### EXERCISE REQUIREMENTS
Using the data below, restate exactly every line from the one with "Black crop top with cut out design on sides" up to and including the one with "Waterfront Wedding Ceremony". No picture belongs in it.

### RECORDS SHOWN
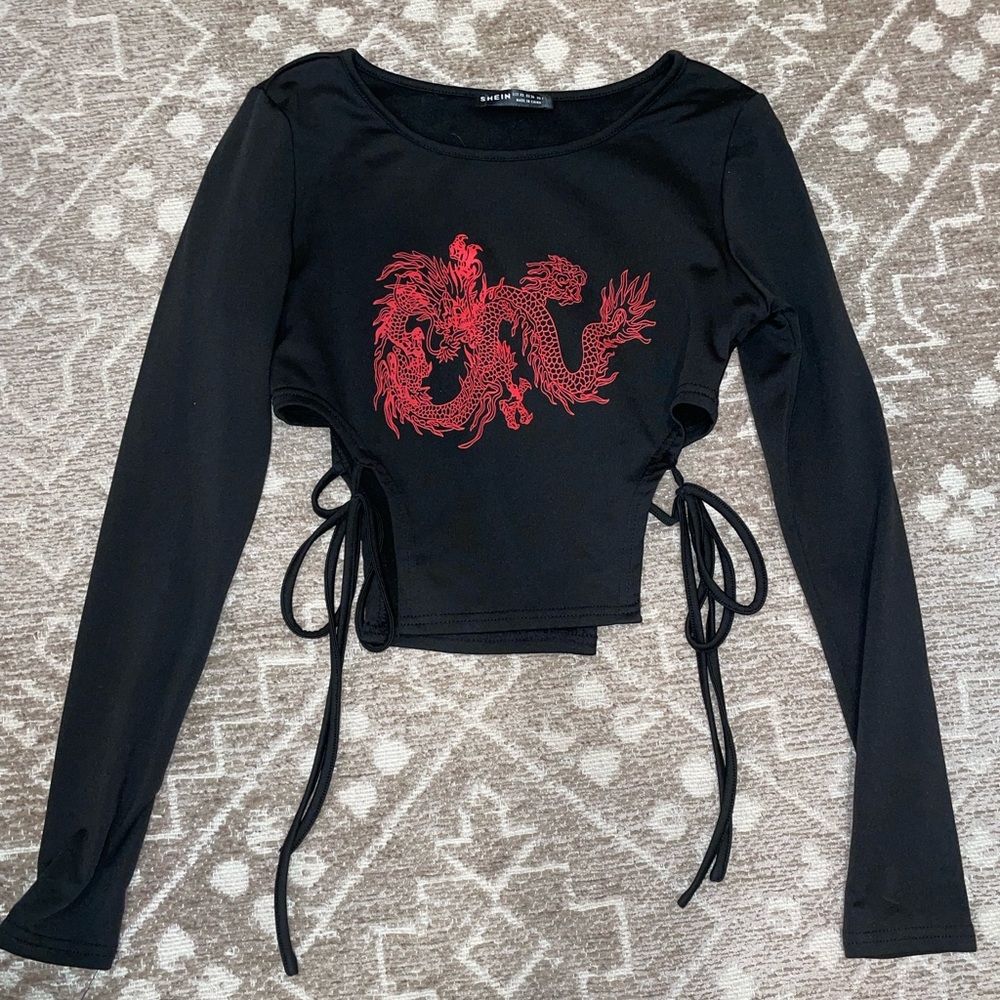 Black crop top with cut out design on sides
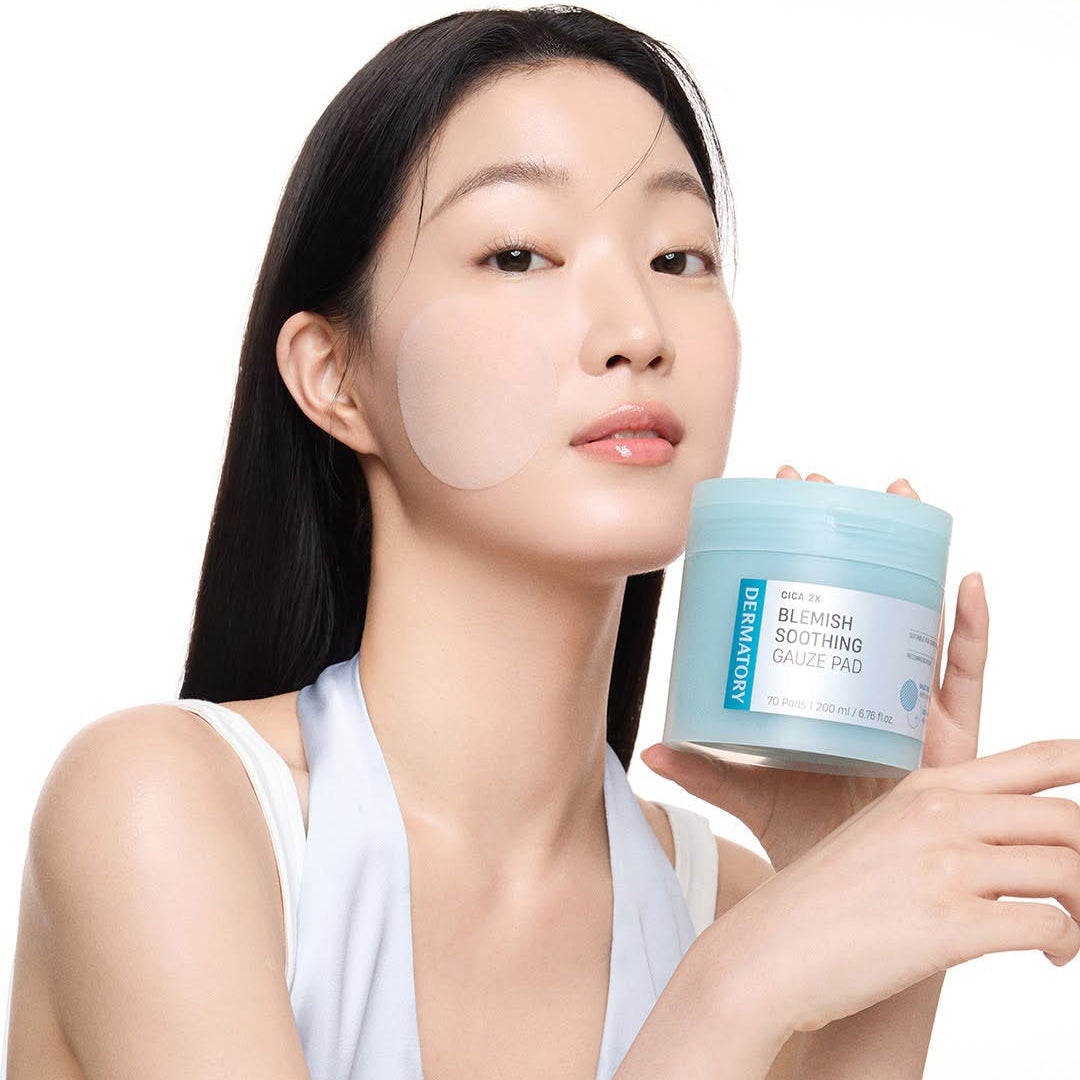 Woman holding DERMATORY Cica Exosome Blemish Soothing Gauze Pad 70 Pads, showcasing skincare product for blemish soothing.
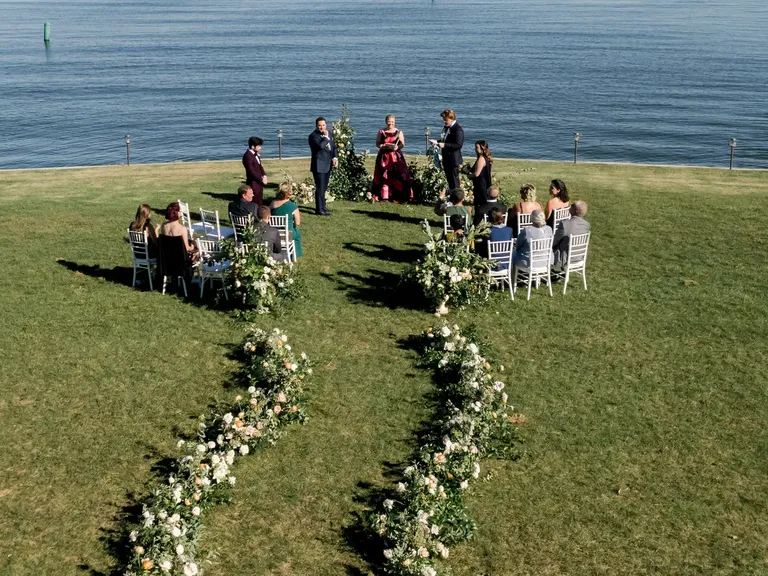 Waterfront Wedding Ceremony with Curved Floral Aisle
* * *
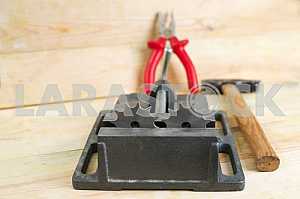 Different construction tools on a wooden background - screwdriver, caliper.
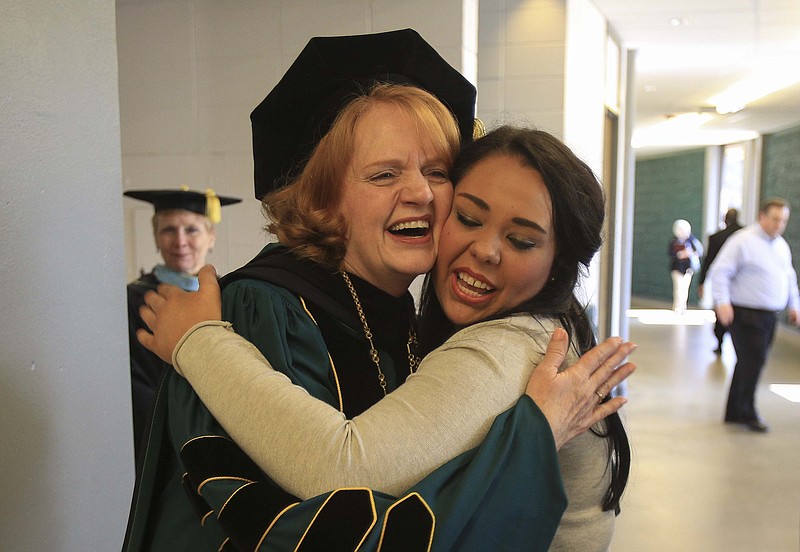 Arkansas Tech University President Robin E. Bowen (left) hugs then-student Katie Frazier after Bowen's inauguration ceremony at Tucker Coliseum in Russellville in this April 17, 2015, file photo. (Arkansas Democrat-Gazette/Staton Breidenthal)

### ANSWER BELOW
 Black crop top with cut out design on sides
 Woman holding DERMATORY Cica Exosome Blemish Soothing Gauze Pad 70 Pads, showcasing skincare product for blemish soothing.
 Waterfront Wedding Ceremony with Curved Floral Aisle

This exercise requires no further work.